EDIÇÕES MARAVILHOSAS
Hilton Görresen

Sempre tenho dito que meu primeiro contato com a literatura foi através dos livros deixados por meu avô. O velho, que não cheguei a conhecer, era músico e jornalista (certamente da época parnasiana, em que se teciam longos e complicados parágrafos). Mas isso não é bem verdade: na realidade, meu primeiro contato com literatura foi através das histórias em quadrinhos.

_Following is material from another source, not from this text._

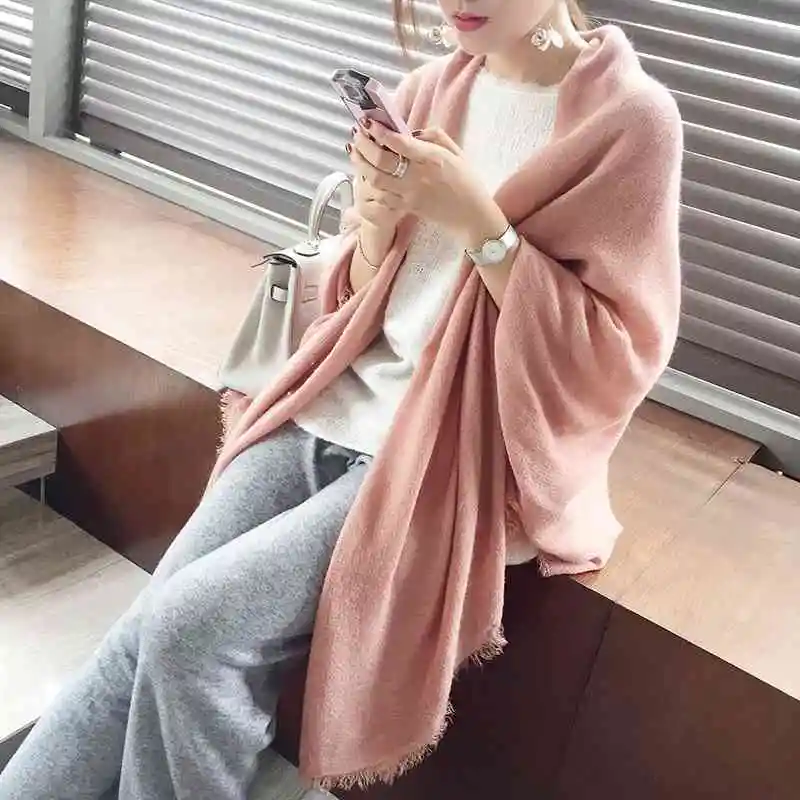 

J1338 Cashmere-like scarf female winter Korean version Autumn and Winter super-large neck and warm shawl dual-purpose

Existia, nas décadas de 1950 e 1960, uma coleção chamada “Edições Maravilhosas”, quadrinização de obras literárias mais populares, a maioria delas compiladas de uma publicação americana. Mas havia também as obras brasileiras, como a de José de Alencar, e até a de meu tio, Brasil Gerson, sobre Garibaldi e Anita, premiada pela Academia Brasileira de Letras. Aliás, o primeiro volume da coleção que me interessou – e eu mal sabia ler – foi “O Guarani”, principalmente pela cena do índio Peri enfrentando uma onça.
Essa coleção era muito comum por aqui. Já era antiga em meu tempo de garoto, mas sempre havia alguém possuidor de um ou dois números em casa, para emprestar ou trocar. Era raro casa em que houvesse leitores de gibi onde não se encontrasse um volume de Edição Maravilhosa. Nunca com uma capa novinha, cheirando a tinta, como os gibis mensais com fotos dos caubóis famosos.
Na casa de meu tio, onde habitavam (que beleza!) sete primos, tomei contato com “Ivanhoe”, de Walter Scott (aliás, só eu mesmo para lembrar disso), fascinado pelos duelos de lanças entre cavaleiros de armadura.
No tempo de ginásio, me caíram nas mãos “O homem que ri”, de Victor Hugo, “Os mistérios de Paris”, de Eugene Sue, “Verdes moradas”, de W.H. Hudson, uma bela história passada nas selvas da Venezuela, “Sob duas bandeiras”, de Maria Louise de La Ramée, meu primeiro contato com as aventuras na Legião Estrangeira, no norte da África, depois revisitadas no trágico filme “Beau Geste”; “O Gaúcho”, de José de Alencar, “Tom Sawyer“ e Huckleberry Finn”, de Mark Twain.
Na casa de um tio solteirão encontrei, e não deixei de ler na hora, “Oliver Twist”, de Charles Dickens, e “O último dos Moicanos”, de Fenimore Cooper. O “mocinho” da história não era o moicano do título, mas sim o caçador, com um gorro de pele de castor na cabeça, tipo Daniel Boone.
Estou citando apenas aqueles de que mais gostei, pois isto pretende ser uma crônica e não um rol de obras da biblioteca pública. É claro que essas leituras destacavam apenas o enredo, as “estórias”, omitindo a beleza intraduzível dos textos. Mas valeram como aperitivo.